Manifestation pour défendre la culture, à Ljubljana (Slovénie), le 19 juin 2020. Manifestation pour défendre la culture, à Ljubljana (Slovénie), le 19 juin 2020.

Musée d’architecture, Musée d’ethnographie, Musée national, Musée d’histoire contemporaine, Galerie moderne, Agence nationale du livre… A l’échelle de la petite Slovénie, la liste est impressionnante : en un an, quasiment la totalité des principales institutions culturelles de la capitale, Ljubljana, ont vu leurs directeurs et directrices évincés à l’initiative du gouvernement de Janez Jansa.

Premier ministre ultraconservateur depuis mars 2020 de ce pays d’ex-Yougoslavie de 2 millions d’habitants, cet admirateur de Donald Trump est accusé par plusieurs figures intellectuelles locales de vouloir mener une véritable purge.

« Il interfère directement dans le management des institutions culturelles pour imposer son récit », affirme, par exemple, Kaja Sirok, présidente du comité slovène du Conseil international des musées, elle-même au chômage depuis qu’elle a perdu son poste de directrice du Musée national d’histoire contemporaine, particulièrement sensible car il traite du XXe siècle. « Les médias de droite ont dit que je ne prêtais pas assez d’attention aux combats slovènes pour l’indépendance, raconte-t-elle, ou qu’il fallait sortir du récit communiste, alors que j’avais 15 ans en 1991 ! »

« Des limogeages de fait »

Elle a été remplacée par Joze Dezman, un historien proche de M. Jansa, qui avait déjà dirigé le musée lors de son premier mandat (2004-2008). « Quand il est au gouvernement, je suis ici, quand il n’y est pas, je ne suis pas ici », admet d’ailleurs celui-ci en recevant Le Monde dans ses bureaux. Cet historien de 65 ans est un ancien communiste devenu spécialiste des massacres menés par les partisans de Tito au sortir de la seconde guerre mondiale, dont il assure qu’ils ont fait plus de morts en Slovénie que le nazisme.

Tout en reconnaissant un côté bouillonnant à M. Jansa, il condamne la « terrible quantité d’efforts pour le détruire » dont ferait l’objet ce héros de l’indépendance de la part de la gauche slovène. « Ma prédécesseure n’a rien fait quand elle était là », fustige-t-il.

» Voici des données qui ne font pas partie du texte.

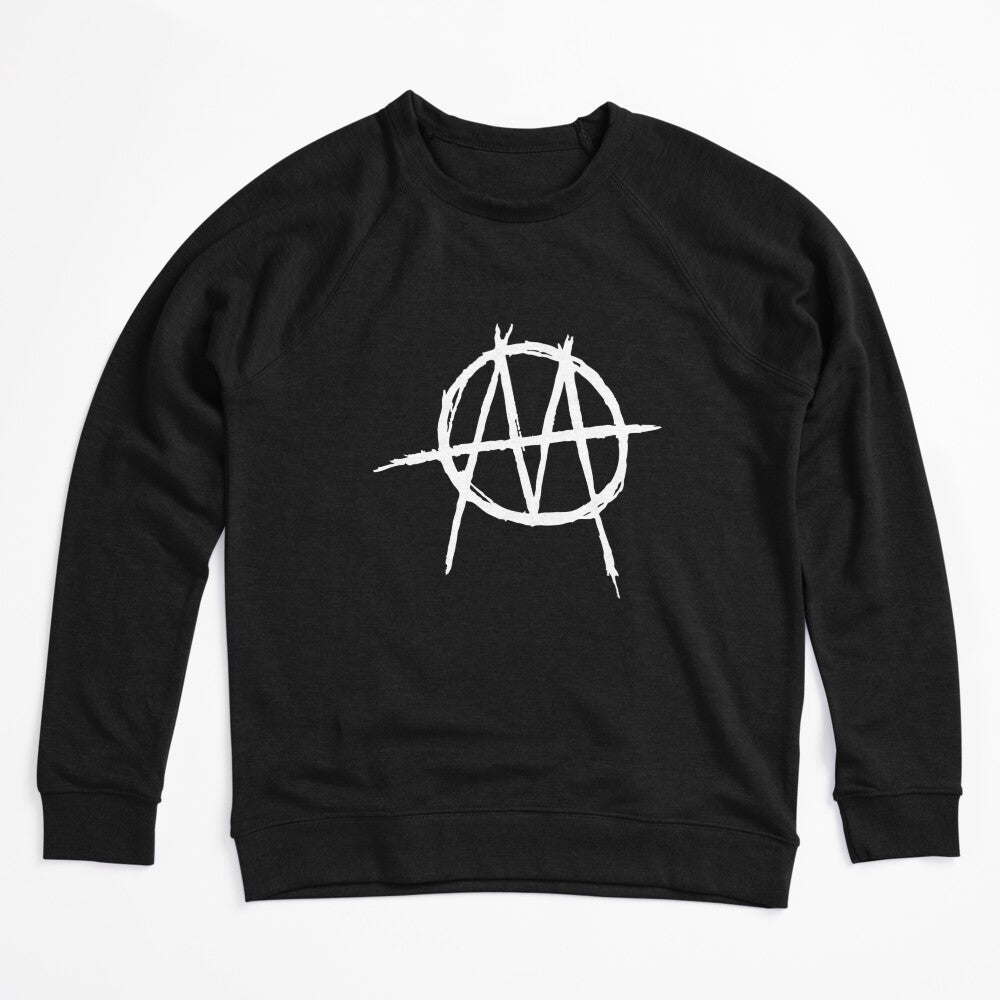 Ministry Industrial Metal Band American Shirt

En novembre 2020, une pétition signée par 150 intellectuels et universitaires du monde entier a pourtant dénoncé « une prise de contrôle des institutions culturelles » par « des limogeages de fait ». Plusieurs manifestations ont réuni des milliers de Slovènes ces derniers mois pour protester.

Menée au nom « de l’élimination des biais potentiellement politiques » par le ministre de la culture Vasko Simoniti, cette vague de remplacements a « suivi un processus qui respecte toutes les régulations », a répliqué le ministère de la culture dans plusieurs communiqués, rappelant que les mandats des directions sortantes arrivaient à leur terme et les accusant « d’être alignées sur la gauche ».